Tony I believe what your experincing is a rsult of many problems stacking onto of each other. To start with a Savage action is a mass produced piece of equipement, and because of this they have there problems. More than liklely the action is bent and this is caused by the heat treatment proces that Savage uses after the action is machined. I would also bet if you have not bedded the action, that the action is not sitting well in the stock. Savages are notirious for heavy bolt lift, timming problems, including having a un-ballanced cocking ratio, and being low on primary extraction, but despite these problems the dang guns shoot very well. You have to keep inmide that this is a mass produced gun costing x amount of dollars, and that it is not your $1200 plus dollar Bat or Panda.

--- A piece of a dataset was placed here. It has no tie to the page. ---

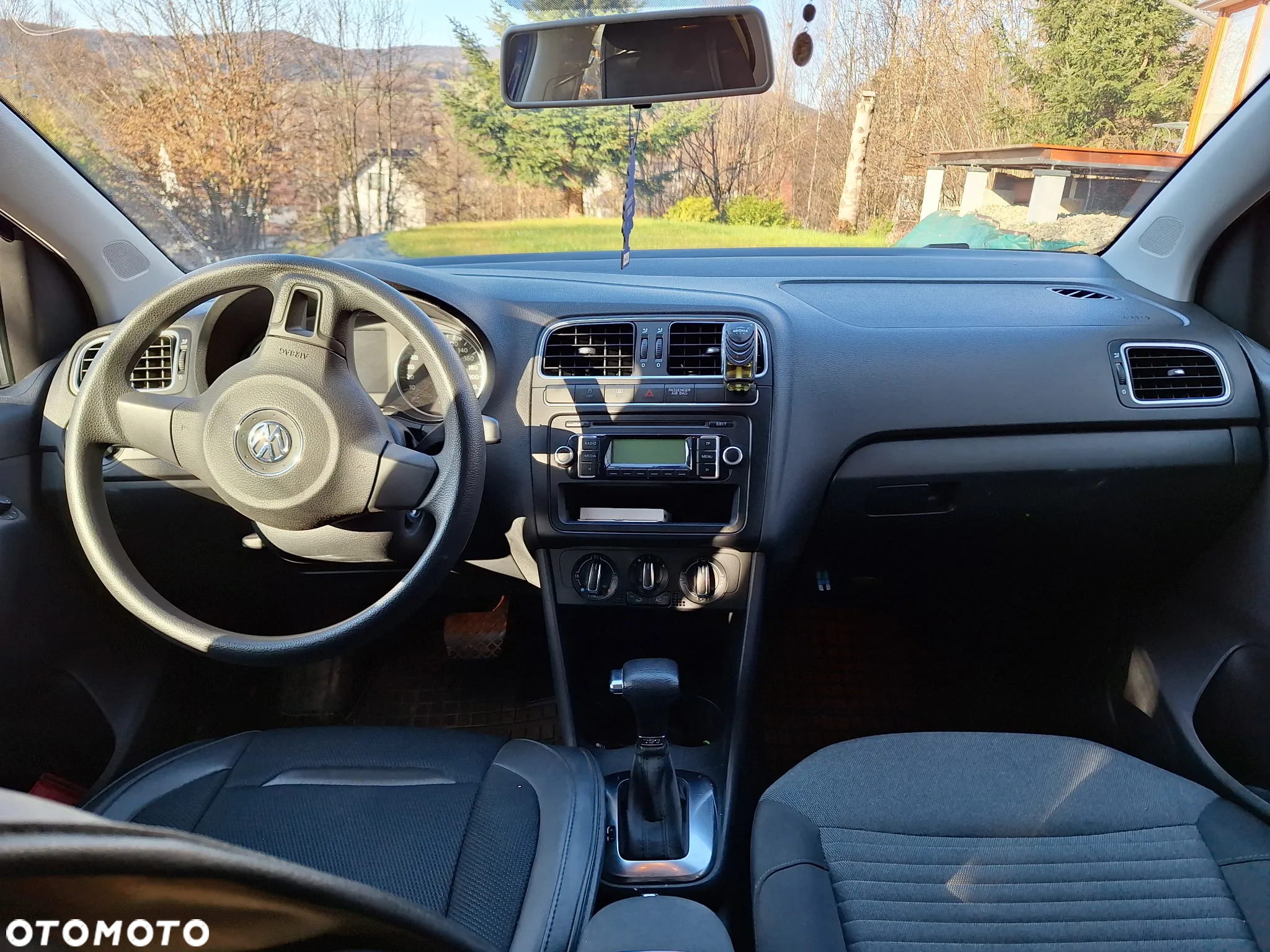 Volkswagen Polo - 6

On judging loads and what pressure is, you have to remember each barrel has it own personality, and what works in one may or may not work in another. I would look for other signs of pressure, if you are truly having a sticky bolt lift you will see other signs, such as ejector marks and flattened primers. You may also be experincing where the die is not fitting the chamber, and making the brass as I call "clicky." You take that and place it with something that is on the low side of primary extraction, you would get what your describing. My thought is the problem your experincing is either the bolt body being out of phase, in the bolt handel, or at last in the rear baffel, one of the three causing it to be short on primary extraction.
With that all said, I highly recamend sending the action off to Sharp Shooters Supply, and let them go through it. I have had several actions done by them, and I can honestly say sitting there behind the gun it is hard to tell the difference on bolt opening between them, and my Bats or Pandas, call me crazzy I think they ( SSS re-worked savages.) are actualy smoother on opening.